**Required work:**
Reproduce only what runs from the line containing "Thomas & Betts" to the line containing "٢.٥ مليون خدمة" in the records below, inclusive. Keep it exact, and keep the pictures out.
*** Opening Record excerpts ***
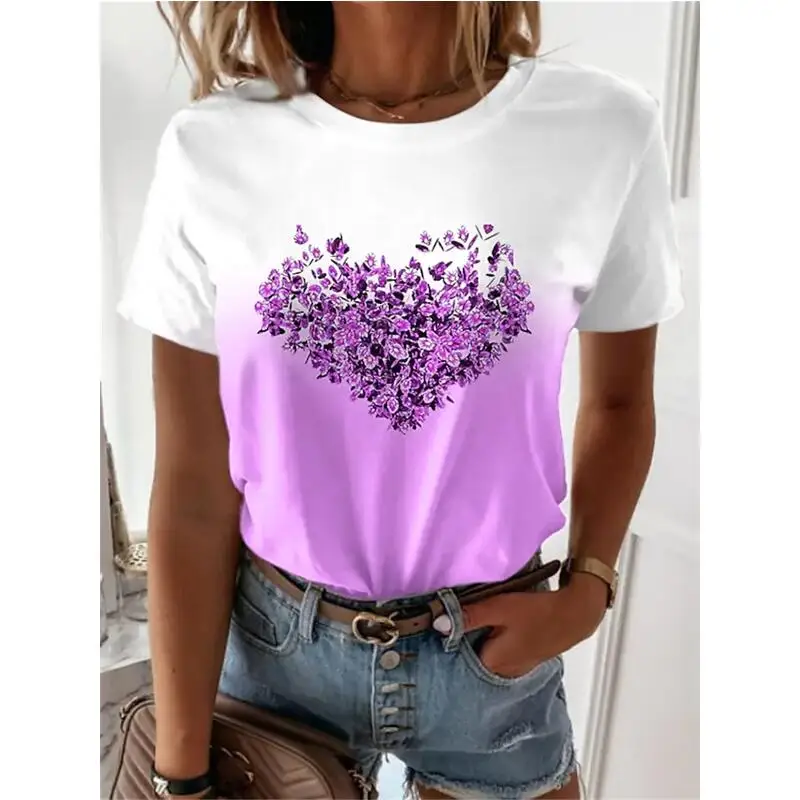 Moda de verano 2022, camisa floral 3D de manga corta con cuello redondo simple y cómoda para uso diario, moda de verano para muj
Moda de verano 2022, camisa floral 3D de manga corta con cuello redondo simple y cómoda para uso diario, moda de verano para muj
*** Closing Record excerpts ***
*** Opening Record excerpts ***
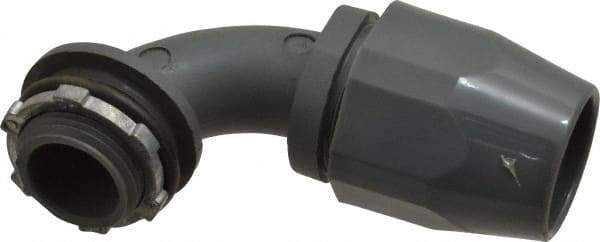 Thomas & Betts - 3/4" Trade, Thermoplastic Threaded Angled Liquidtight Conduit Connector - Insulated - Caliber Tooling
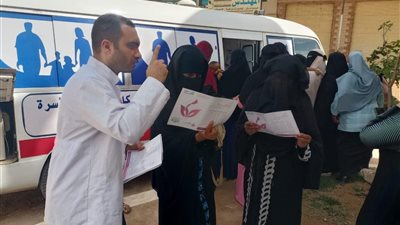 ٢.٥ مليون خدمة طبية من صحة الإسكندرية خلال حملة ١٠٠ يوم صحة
*** Closing Record excerpts ***
*** Opening Record excerpts ***
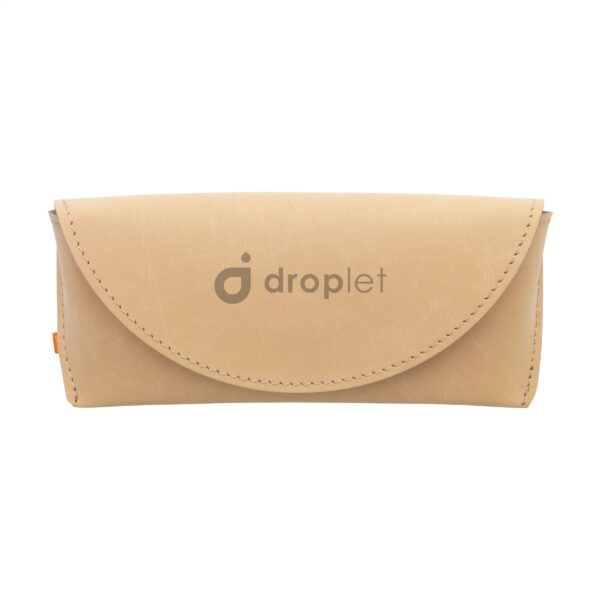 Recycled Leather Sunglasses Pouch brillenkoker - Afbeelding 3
*** Closing Record excerpts ***
**Reply to the task:**
 Thomas & Betts - 3/4" Trade, Thermoplastic Threaded Angled Liquidtight Conduit Connector - Insulated - Caliber Tooling
 ٢.٥ مليون خدمة طبية من صحة الإسكندرية خلال حملة ١٠٠ يوم صحة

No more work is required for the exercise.